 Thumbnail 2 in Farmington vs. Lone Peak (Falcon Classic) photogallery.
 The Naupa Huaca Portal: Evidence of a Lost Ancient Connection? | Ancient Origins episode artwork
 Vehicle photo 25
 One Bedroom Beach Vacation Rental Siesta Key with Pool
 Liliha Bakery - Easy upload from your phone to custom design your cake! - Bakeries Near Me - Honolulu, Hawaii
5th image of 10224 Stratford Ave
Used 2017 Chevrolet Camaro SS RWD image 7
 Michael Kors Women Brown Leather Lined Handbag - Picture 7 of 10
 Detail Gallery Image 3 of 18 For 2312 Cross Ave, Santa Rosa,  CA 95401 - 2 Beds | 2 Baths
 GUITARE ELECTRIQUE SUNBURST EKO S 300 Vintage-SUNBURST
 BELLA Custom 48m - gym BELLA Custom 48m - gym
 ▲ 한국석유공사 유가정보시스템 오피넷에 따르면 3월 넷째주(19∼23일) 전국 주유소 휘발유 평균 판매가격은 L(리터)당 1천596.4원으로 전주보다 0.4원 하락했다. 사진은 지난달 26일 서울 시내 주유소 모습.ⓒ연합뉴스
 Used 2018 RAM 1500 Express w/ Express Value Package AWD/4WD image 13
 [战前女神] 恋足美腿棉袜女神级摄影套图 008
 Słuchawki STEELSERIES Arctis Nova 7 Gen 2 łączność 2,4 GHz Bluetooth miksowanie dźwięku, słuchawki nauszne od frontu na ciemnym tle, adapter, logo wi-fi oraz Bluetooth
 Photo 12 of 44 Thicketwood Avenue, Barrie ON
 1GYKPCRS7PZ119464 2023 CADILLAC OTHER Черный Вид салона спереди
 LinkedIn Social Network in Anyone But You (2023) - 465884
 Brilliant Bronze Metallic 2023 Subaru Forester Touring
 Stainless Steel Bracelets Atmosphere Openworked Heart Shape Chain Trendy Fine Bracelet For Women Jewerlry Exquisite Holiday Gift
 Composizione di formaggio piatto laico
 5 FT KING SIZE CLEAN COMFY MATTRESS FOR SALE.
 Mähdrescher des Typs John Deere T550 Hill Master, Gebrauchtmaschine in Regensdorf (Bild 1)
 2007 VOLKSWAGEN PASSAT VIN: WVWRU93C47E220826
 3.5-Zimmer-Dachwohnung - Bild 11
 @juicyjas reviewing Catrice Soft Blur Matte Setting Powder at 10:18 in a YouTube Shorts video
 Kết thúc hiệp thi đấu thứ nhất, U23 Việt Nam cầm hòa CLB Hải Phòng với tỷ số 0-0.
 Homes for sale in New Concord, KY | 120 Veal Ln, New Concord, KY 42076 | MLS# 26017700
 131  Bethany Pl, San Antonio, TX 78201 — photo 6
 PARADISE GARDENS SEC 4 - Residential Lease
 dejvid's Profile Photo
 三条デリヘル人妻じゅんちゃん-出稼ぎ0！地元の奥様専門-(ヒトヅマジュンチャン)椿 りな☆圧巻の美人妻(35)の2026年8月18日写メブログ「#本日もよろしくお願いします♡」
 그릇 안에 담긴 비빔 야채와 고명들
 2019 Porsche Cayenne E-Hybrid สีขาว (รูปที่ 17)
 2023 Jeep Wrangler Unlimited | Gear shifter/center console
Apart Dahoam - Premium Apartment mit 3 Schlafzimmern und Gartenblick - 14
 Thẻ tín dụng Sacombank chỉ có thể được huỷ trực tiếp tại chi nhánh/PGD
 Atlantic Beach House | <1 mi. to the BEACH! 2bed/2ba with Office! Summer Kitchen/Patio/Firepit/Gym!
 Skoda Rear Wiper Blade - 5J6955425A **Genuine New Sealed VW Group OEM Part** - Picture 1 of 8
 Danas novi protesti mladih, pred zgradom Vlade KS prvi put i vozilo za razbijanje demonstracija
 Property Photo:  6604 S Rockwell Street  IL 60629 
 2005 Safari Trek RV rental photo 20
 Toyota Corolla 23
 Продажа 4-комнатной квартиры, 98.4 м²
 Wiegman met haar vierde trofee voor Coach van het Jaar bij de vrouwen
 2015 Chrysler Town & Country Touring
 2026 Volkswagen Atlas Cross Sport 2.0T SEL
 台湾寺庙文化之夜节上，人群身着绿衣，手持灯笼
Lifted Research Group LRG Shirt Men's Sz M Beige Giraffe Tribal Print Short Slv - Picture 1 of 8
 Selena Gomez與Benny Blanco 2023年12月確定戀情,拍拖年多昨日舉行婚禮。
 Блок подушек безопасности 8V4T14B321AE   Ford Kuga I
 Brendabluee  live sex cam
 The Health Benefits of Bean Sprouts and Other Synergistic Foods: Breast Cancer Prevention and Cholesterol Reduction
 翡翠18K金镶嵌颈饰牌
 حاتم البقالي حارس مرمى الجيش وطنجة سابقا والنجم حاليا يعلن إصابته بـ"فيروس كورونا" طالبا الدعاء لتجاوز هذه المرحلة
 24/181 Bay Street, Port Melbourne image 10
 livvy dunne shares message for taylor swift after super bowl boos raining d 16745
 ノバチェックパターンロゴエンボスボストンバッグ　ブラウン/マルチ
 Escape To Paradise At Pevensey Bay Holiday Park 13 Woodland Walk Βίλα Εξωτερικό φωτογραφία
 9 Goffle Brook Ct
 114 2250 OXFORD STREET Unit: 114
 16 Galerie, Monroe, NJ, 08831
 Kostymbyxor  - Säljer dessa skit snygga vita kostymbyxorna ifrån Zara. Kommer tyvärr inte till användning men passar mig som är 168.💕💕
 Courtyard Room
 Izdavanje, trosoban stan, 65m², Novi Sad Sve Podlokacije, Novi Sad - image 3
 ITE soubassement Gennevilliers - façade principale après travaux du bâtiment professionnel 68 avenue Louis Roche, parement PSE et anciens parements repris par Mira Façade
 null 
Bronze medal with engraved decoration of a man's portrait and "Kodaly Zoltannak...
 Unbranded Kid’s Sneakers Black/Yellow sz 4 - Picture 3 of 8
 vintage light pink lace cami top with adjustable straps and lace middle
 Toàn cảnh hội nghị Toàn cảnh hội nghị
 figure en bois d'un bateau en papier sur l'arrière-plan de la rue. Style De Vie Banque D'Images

[Directions for this task]
Since only a number is wanted, report how many lines of the listing include the word "Women".

[Answer]
2